Windows netbooks, laptops and tablets almost always have to strike out a compromise between performance and battery life. The Fujitsu Q550 opts for battery life.
Fresh out of the box, the limited power of the Atom processor and 2GB of RAM is a little too evident. The sluggish operation of Windows 7 is only reinforced by the expectations other tablets (running "non-full" operating systems) have introduced.
However, after a tweak or two, the Q550's performance becomes far more acceptable. With Windows 7's bells and whistles, such as Aero, enabled, the tablet is not a joy to use. The intrinsic split-second load times of Windows 7 are dragged-out, making touchscreen navigation feel clumsier and clunkier than it actually is. We found the effect was particularly bad when painting in ArtRage, presumably due to the processing needed to keep its brushes seeming natural.
Switched over to a basic Windows 7 theme though, performance was much improved. It's naturally not as slick as iOS or Android Honeycomb, but the Q550 at once regained its position as an attractive alternative to more frivolous tablets. As long as you don't intend to take on too many intensive tasks.
Compared with a Sandy Bridge i3 or i5 chip device though, it's thoroughly underpowered. In our PCMark Productivity test, it scraped-together a measly 1308 points overall - just a fraction of what a similarly-priced laptop might expect to achieve. The Sony Vaio C-series gained 5800 points, for example.

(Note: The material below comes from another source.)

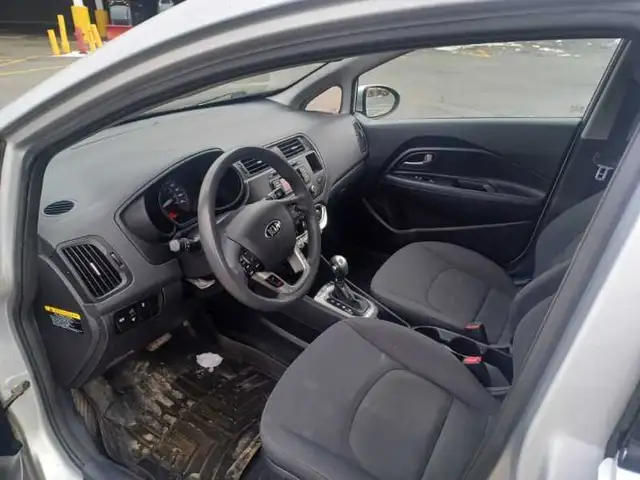 2014 kia rio - Photo 6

The hardware features of the Q550 make using Windows 7 with a touch interface reasonably palatable, a problem we encountered with the Acer W500. There are buttons on the left edge of the tablet to bring up the virtual keyboard, rotate the screen and secure the computer (effectively give the "CTRL ALT DEL" command), and the stylus makes using the built-in OCR worthwhile. It's surprisingly accurate once you get used to its quirks.
Fujitsu also offers the Infinity Lounge, an app designed to give your Windows 7 tablet more of a traditional tablet feel. It offers a trio of Android-style home screens you can drop email, RSS reader, Calendar and Calculator widgets onto. It's a bit of a gimmick, and in no way something that bridges the gap between the Q550 and iPads or Android tablets, but does no harm.
With no fan to cool the tablet in use, the Q550 does tend to get warm after a short while, but it's also silent. The plastic body ensures the tablet doesn't get ridiculously hot, although this is also kept in check by the relatively low-powered processor inside. Using the 4-cell battery, the tablet lasts for around 5 hours when playing video, and should stretch further when dealing with low-power tasks at lower brightness. Take a spare battery with you and this tablet will last all day.
The Fujitsu Q550 is a genuinely interesting tablet, and one that will appeal to buyers other than the business crowd Fujitsu's gunning for. As a graphics tablet to use out in the field, it's an excellent device thanks to its matt screen and digitizer. However, it's also not particularly powerful given its price. It demands some patience, but for arty types it arguably has more to offer than an iPad 2.